Daniel Cohn-Bendit

European Shadow Council - Conclusions

Spinelli Group - 28.06. 2013  



The European budget needs to be reformed, and in the light of the continuing economic and financial crisis this need becomes ever more pressing.


The MFF must ensure that the Union has a sufficient budget to enable real policies to ensure a return to economic growth, jobs and prosperity for its citizens.


The MFF needs to be funded, at least in part, by Union own resources, thus reducing the pressure on reduced national budgets and allowing economies of scale at the European level to bring benefits to its citizens. This system of own resources need to start as of 2014.


The return of unspent commitments by Member States is an absolute waste of resources, thus the budget needs to be flexible, both between different pillars and different years, in order to guarantee a maximum impact for European policies. 

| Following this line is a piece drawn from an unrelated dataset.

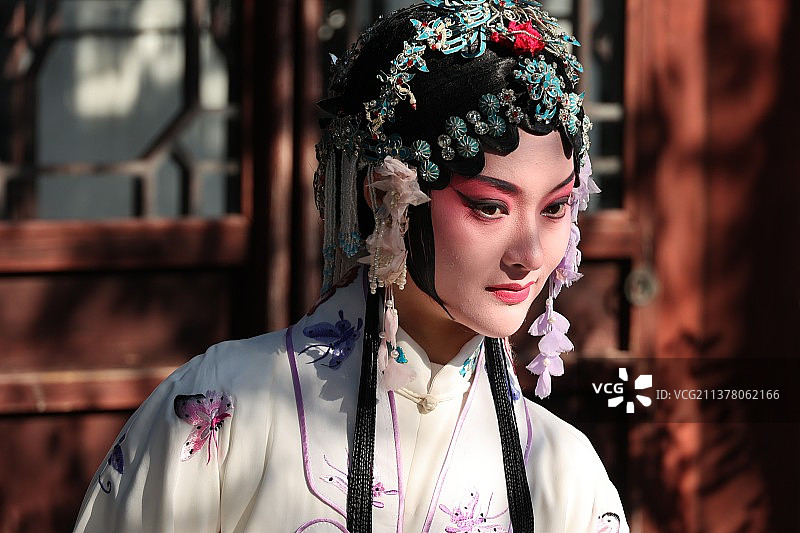 苏州园林昆曲人物图片素材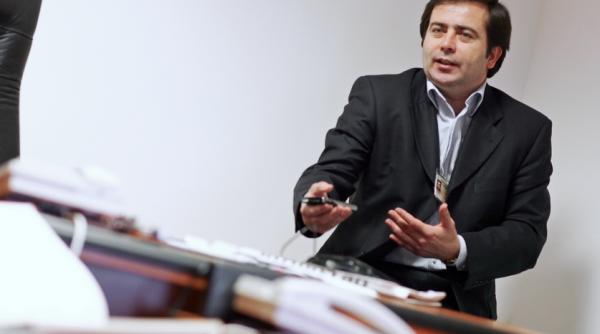 perchezitii la sediul uti din aeroportul otopeni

It is a question of democratic accountability that the next European Parliament has a say on the budget during its term, therefore a mid-term review in 2016 is essential.

Democracy and Economic Governance


The Greek crisis has prompted the EU to take actions such as the setting-up the Troïka, but it lacks democratic accountability. The key question which needs to be resolved as soon as possible is who decides and with which tools for all issues relating to European government.

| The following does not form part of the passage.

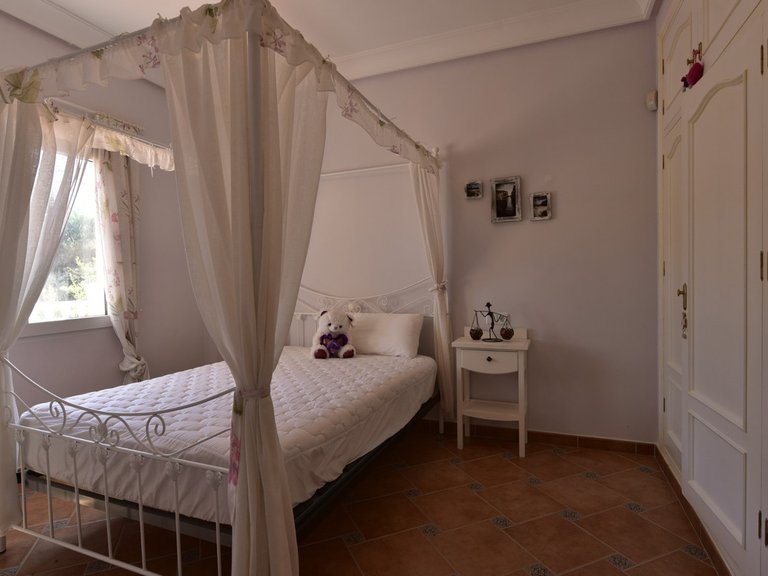 Villa for Sale in Villamartin, Alicante 15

-          The Troïka should be changed into a system where the Commission is accountable in front of the EP, and ultimately European tools are sufficient to manage all lending; the creation of a European Monetary Fund should be envisaged to accompany the ESM and future Resolution Fund.


-          The Cypriot crisis has highlighted the need for transparency: irresponsible decisions (such as breaching the 100.000 Euros insured deposit guarantee) were taken and no one was held responsible for them. The Eurogroup must be accountable in front of the EP and its chairmanship must be a full time responsibility.


-          The Commission needs to immediately establish the Expert Group to continue reflecting further on the mutualisation of debt, in order to lower the interest rates, to take advantage of a liquid market and relieve the ECB.


-          Smart implementation of the new economic governance framework (6-pack, 2-pack): it is important to ensure growth friendly consolidation (with the postponement of the fiscal target, if required) provided that reforms are on track.


-          The Fiscal Compact must be integrated into the Community framework;


-          New tools must be designed such as a convergence code and an incentive-based enforcement mechanism, which could provide financial help for reforms that do bear social short term costs.


-          The evolutions of the Euro area (the opt - ins and -outs which are no longer transitory) must be formalized and appropriate accountability by MEPs from the Euro area and from MS aiming to join must be ensured.


-          It is important to change the current communication coming from the Union: the European project is a positive one and has many advantages for citizens; these elements need to be focused on and communicated rather than taken for granted. The Members of the European Council publish their conclusions after each summit:  they are bound by these conclusions and are committed to implement them; therefore it must done. It is a question of credibility in the eyes of our global partners. 



Banking sector


-          The banking union with the creation of a single resolution authority must be completed as soon as possible. This banking union must be European and funded by Europe’s banks relative to the risk which they present. Progressively, a single deposit guarantee scheme for the Euro area is also required and to provide for the direct recapitalisation of banks through a resolution fund (in the meantime provided for by the ESM).


-          A supranational Deposit Guarantee Scheme is needed above any national programmes.


-          A fragmentation of the internal market, where banks of a particular MS would only buy obligations of that MS, must be avoided.


-          The new rules regarding capital and liquidity requirements must be implemented, which will make the lending smarter (with the differentiation of capital requirement according to the risk taken and the contribution to the real economy). It is essential to guarantee that the real economy is financed and that interest rates are affordable for SMEs.


Financing of the real economy and long term investment



-          It is fundamental to increase the funding of the real economy coming from markets. Indeed, bank loans will be less available given the new rules.


-          Some form of separation, between the essential banking activities, such as the financing of the real economy, and the riskier banking activities, such as pure investment, must be designed to ensure sufficient stability;


-          Tools to gain access to "sleeping" savings must be ensured by providing products for citizens which are long-term oriented and with an insured, moderate but attractive interest rate. These savings could be used for the direct funding of specific and targeted projects of common interest.


-          SMEs are not equal concerning interest rates; these are subject to their location. Similar SMEs with similar risks must benefit from similar interest rates irrespective of their location. It is the duty of the ECB and the Commission to tackle the unjustified differences of interest rates.